You are standing in an open field west of a white house, with a boarded front door.
There is a small mailbox here.
Jolt Online Gaming have announced Legends of Zork! a multi-player browser game based on the original Zork series from Infocom. I’m faintly amused by the responses of “hey, what?” from the under-20 crowd. It seems to me you shouldn’t be allowed to play MMORPGs (previously known as graphical MUDs) if you never experienced the interactive fiction games that started it all.
It is pitch black. You are likely to be eaten by a grue.
Zork was a text-based interactive fiction game based on Colossal Cave Adventure (best remembered for its maze of twisty little passages, all alike).
Zork was written in the late 1970s by a group of MIT students for the PDP-10. They used zork as a holding name for all their programs that weren’t ready for release, but this time it stuck. The programmers later decided to call the game Dungeon but the name only really became used in an unofficial FORTRAN port of the game by a programmer at DEC who wanted to run it on a machine smaller than a PDP10. The original MUD (multi-user dungeon) in Essex was named as a tribute to Dungeon. Due to trademark issues, Infocom launched the game under its original nickname, Zork.
!!!!FROBOZZ MAGIC BOAT COMPANY!!!!
Tim Anderson wrote a detailed history of Zork in which he reminisces about writing the game and the unexpected results and popularity.
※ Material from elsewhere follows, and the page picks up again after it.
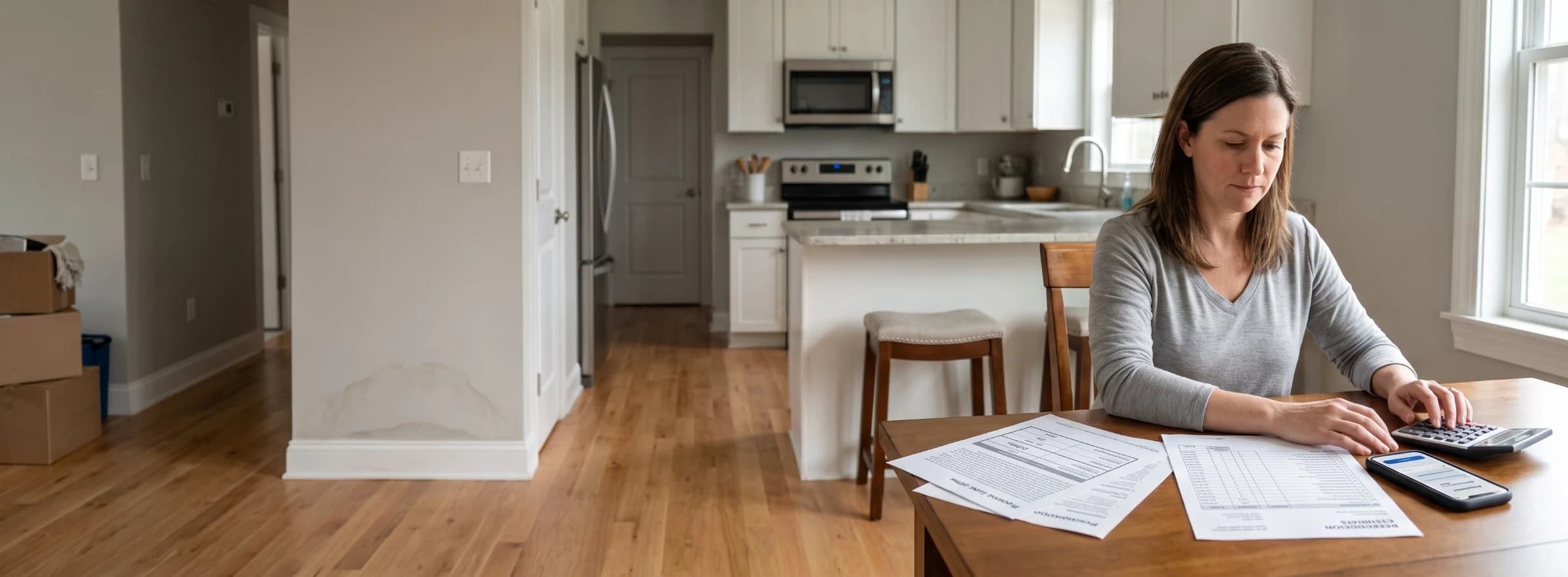 Homeowner reviewing a loan offer and a restoration company's written estimate at a kitchen table, with a faint water stain visible on a hallway wall in the background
In early 1977, Adventure swept the ARPAnet. Willie Crowther was the original author, but Don Woods greatly expanded the game and unleashed it on an unsuspecting network. When Adventure arrived at MIT, the reaction was typical: after everybody spent a lot of time doing nothing but solving the game (it’s estimated that Adventure set the entire computer industry back two weeks), the true lunatics began to think about how they could do it better.
And thus, Zork was born.
But it’s not just a piece of gaming history any more!
There is a suspicious-looking individual, holding a bag, leaning against one wall. He is armed with a vicious-looking stiletto.
Jolt Online Gaming released a press release yesterday that Legends of Zork, described as “a persistent online adventure, playable from any Internet browser” is in progress although no release date has been set. The game is described as a browser-based MMORPG, reminiscent of the Curse of Monkey Island.
Dylan Collins, the CEO of Jolt, told Gamasutra that the game would offer a casual RPG experience. The game will be free to play with an income stream based on microtransactions.
“I guess the one-word description is ‘freemium,’” he said, describing Legends of Zork’s business model. “The game is free to play, but there are premium options which let you upgrade various elements for a few dollars.”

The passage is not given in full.